1. These are three connected writ petitions and can be disposed of by a common judgment. The petitioners are kartas of HUFs and are assessed to wealth-tax. The net wealth of each of the petitioners consists of shares held in a number of companies, some of which are quoted on the stock exchange and some are not quoted. The dispute in the present case arises out of common facts and it may be sufficient to set out the brief facts in C.W. No. 968/79 to illustrate the position.
2. For the assessment year 1970-71 (valuation dated March 31, 1970) the petitioner submitted a return of net wealth of a sum of Rs. 6,42,683. Among the assets owned by the petitioner were 145 equity shares of Raunaq & Co. Pvt. Ltd. The face value of each of these shares was Rs. 1,000 but since the said company was a private company and its shares were not quoted in any recognised stock exchange, the market value of its shares had to be computed under Rule 1D of the W.T. Rules, 1957. The petitioner accordingly valued these shares at Rs. 850 each. In support of this, valuation the balance-sheet of Raunaq & Co. Pvt. Ltd. was also filed before the WTO. On January 6, 1975, the W.T. assessment was completed by the WTO accepting the valuation, at Rs. 850 per share of these shares, made by the assessed.
3. On March 26, 1979, the WTO served a notice on the assessed under Section 17(1) of the W.T. Act. Though the notice did not indicate whether the proceedings were under Clause (a) or (b) of that sub-section, since the notice was issued after the expiry of four years from the end of the assessment year 1970-71, it is clear that the notice could be served only under Clause (a) of Section 17(1). It is in these circumstances . that the assessed has come up with this writ petition seeking to quash the notice issued under Section 17(1)(a) of the W.T. Act. The same position prevails in the other two writ petitions also.

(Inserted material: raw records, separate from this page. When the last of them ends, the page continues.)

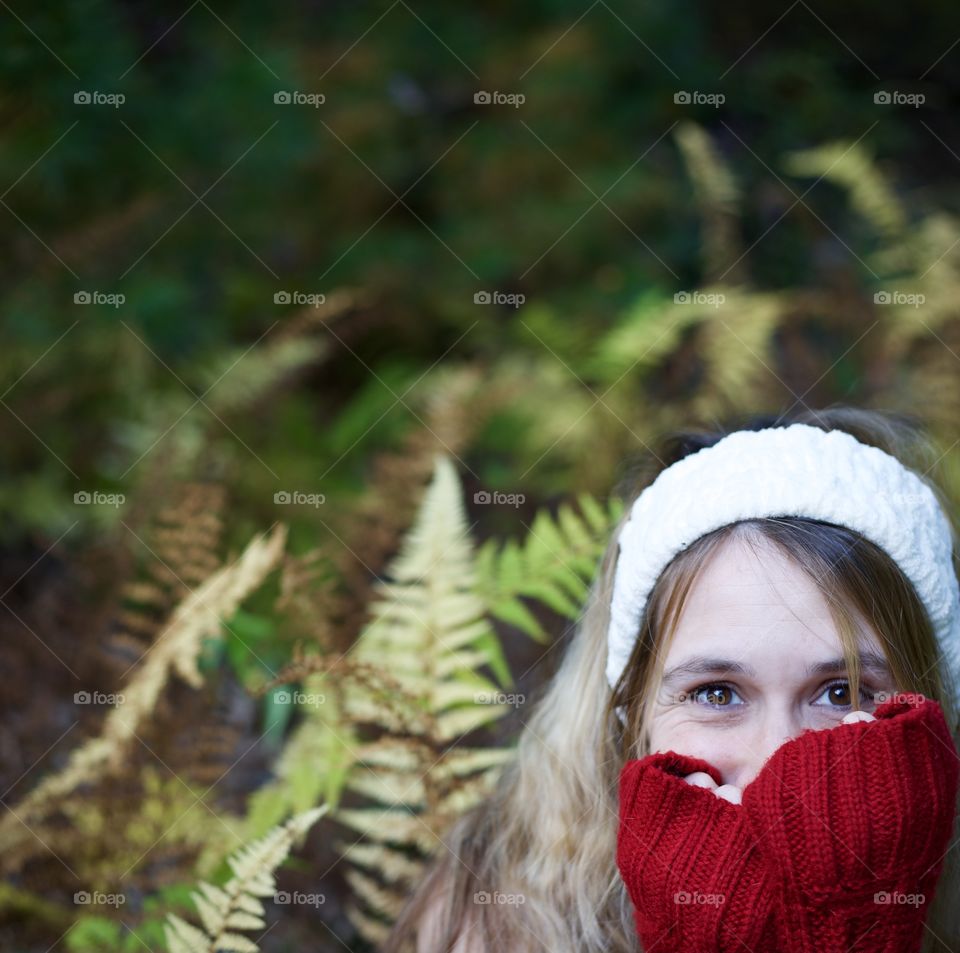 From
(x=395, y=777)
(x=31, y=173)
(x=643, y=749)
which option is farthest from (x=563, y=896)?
(x=31, y=173)

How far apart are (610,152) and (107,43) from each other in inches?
98.7

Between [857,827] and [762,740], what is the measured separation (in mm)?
216

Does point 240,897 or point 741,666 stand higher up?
point 741,666

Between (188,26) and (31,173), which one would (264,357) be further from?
(188,26)

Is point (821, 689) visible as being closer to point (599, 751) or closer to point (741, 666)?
point (741, 666)

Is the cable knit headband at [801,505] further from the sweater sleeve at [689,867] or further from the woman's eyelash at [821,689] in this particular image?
Result: the sweater sleeve at [689,867]

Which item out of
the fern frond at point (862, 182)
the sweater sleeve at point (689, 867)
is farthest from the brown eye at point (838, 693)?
the fern frond at point (862, 182)

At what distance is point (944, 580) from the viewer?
1.80 meters

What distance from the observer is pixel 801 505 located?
1.74 metres

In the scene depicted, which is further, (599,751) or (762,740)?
(599,751)

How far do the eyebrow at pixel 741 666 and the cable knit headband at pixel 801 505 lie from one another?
0.62 ft

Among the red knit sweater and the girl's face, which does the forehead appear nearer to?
the girl's face

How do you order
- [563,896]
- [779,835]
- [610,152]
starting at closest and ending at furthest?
[779,835], [563,896], [610,152]

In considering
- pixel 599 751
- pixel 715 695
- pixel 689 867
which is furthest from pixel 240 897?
pixel 715 695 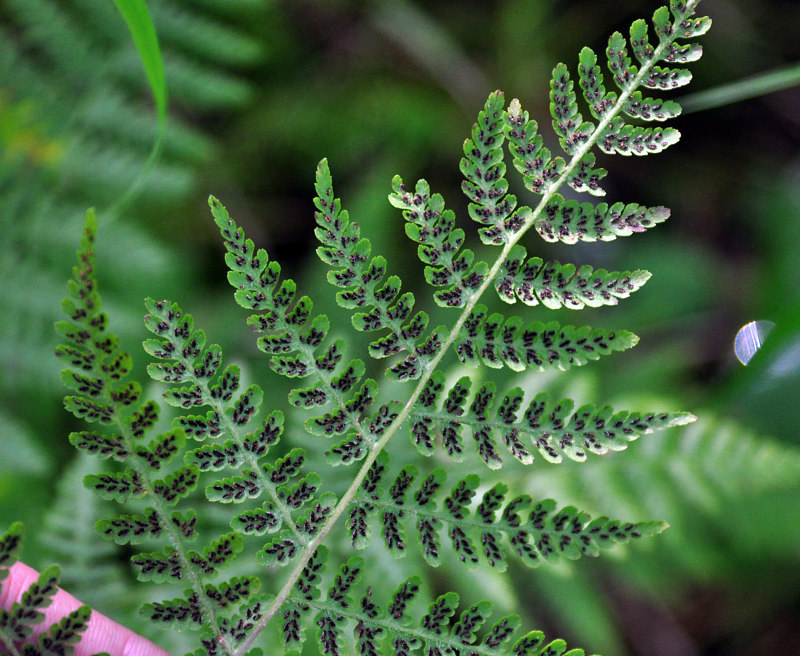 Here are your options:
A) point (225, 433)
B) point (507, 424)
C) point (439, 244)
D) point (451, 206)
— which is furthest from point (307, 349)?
point (451, 206)

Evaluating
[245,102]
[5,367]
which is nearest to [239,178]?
[245,102]

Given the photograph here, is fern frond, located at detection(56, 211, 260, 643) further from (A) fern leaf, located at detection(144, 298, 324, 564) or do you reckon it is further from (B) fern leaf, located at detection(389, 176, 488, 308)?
(B) fern leaf, located at detection(389, 176, 488, 308)

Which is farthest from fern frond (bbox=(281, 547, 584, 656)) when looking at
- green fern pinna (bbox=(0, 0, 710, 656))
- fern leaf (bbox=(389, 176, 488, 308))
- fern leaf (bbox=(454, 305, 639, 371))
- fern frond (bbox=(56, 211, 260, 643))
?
fern leaf (bbox=(389, 176, 488, 308))

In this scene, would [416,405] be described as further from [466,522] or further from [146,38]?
[146,38]

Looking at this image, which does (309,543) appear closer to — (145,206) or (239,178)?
(145,206)

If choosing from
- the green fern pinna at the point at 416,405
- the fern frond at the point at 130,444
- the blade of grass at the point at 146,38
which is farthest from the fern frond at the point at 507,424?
the blade of grass at the point at 146,38

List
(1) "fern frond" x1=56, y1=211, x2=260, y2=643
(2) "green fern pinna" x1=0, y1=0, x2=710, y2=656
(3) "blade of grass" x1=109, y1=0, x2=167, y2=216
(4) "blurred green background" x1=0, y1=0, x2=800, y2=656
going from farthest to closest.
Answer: (4) "blurred green background" x1=0, y1=0, x2=800, y2=656 → (3) "blade of grass" x1=109, y1=0, x2=167, y2=216 → (2) "green fern pinna" x1=0, y1=0, x2=710, y2=656 → (1) "fern frond" x1=56, y1=211, x2=260, y2=643

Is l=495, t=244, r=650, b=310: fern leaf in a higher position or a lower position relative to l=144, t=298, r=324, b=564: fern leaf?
higher

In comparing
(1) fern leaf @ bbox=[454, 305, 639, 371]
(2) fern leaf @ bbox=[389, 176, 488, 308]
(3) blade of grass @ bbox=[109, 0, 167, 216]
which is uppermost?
(3) blade of grass @ bbox=[109, 0, 167, 216]

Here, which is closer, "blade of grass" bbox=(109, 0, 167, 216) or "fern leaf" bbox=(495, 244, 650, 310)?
"fern leaf" bbox=(495, 244, 650, 310)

4. After hearing Mr. Anoop Sharma, counsel for the petitioner, and Mr. B. N. Kirpal, counsel for the respondent we are of the opinion that the notices issued under Section 17(1)(a) were clearly without jurisdiction. It is common ground that the shares had to be valued under Rule 1D of the W.T. Rules which in the case of a company of the present kind is put down as follows :
'The market value of an unquoted equity share of any company, other than an investment company or a managing agency company, shall be determined as follows : The value of all the liabilities as shown in the balance-sheet of such company shall be deducted from the value of all its assets shown in that balance-sheet. The net amount so arrived at shall be divided by the total amount of its paid-up equity share capital as shown in the balance-sheet. The resultant amount multiplied by the paid-up value of each equity share shall be the break-up value of each unquoted equity share. The market value of each such share shall be 85 per cent, of the break-up value so determined.'
5. The assessed had purported to value the shares accordingly to this rule. In support of his valuation he had also filed the balance-sheet of Raunaq & Co, Pvt. Ltd. It is true that the balance-sheet of this company dated June 5, 1970, also contained a note that while the face value of the equity shares held by Raunaq & Co, Pvt. Ltd. in Bharat Steel Tubes Ltd. was Rs. 10 per share, the aggregate market value of these shares was more than double the amount. It is perhaps on account of this circumstance, namely, that the market value of some of the shares held by Raunaq & Co. Pvt. Ltd. is more than the face value actually shown in the balance-sheet that the WTO has purported to take action for reassessing the petitioner. But the difficulty is that this fact was available in the balance-sheet of Raunaq & Co. Pvt. Ltd. which had been filed before the WTO. That apart, the original assessment order also shows that the WTO had occasion to consider the market value of the equity shares of Bharat Steel Tubes Ltd. itself because the petitioner himself held a certain amount of equity shares in the said company. In other words all the material facts necessary for evaluating the shares held by the assessed in Raunaq & Co. Pvt. Ltd. were available before the WTO at the time of the original assessment itself. There is no mention of any subsequent information which came into possession of the WTO. That apart, the assessed had fully and truly disclosed all material facts at the time of original assessment and, thereforee, the proceedings under Section 17( 1 )(a) were clearly without jurisdiction.
6. In the above circumstances, we quash the notices issued under Section 17(1)(a) in each of the three matters. The writ petitions are allowed. There will be no order as to costs.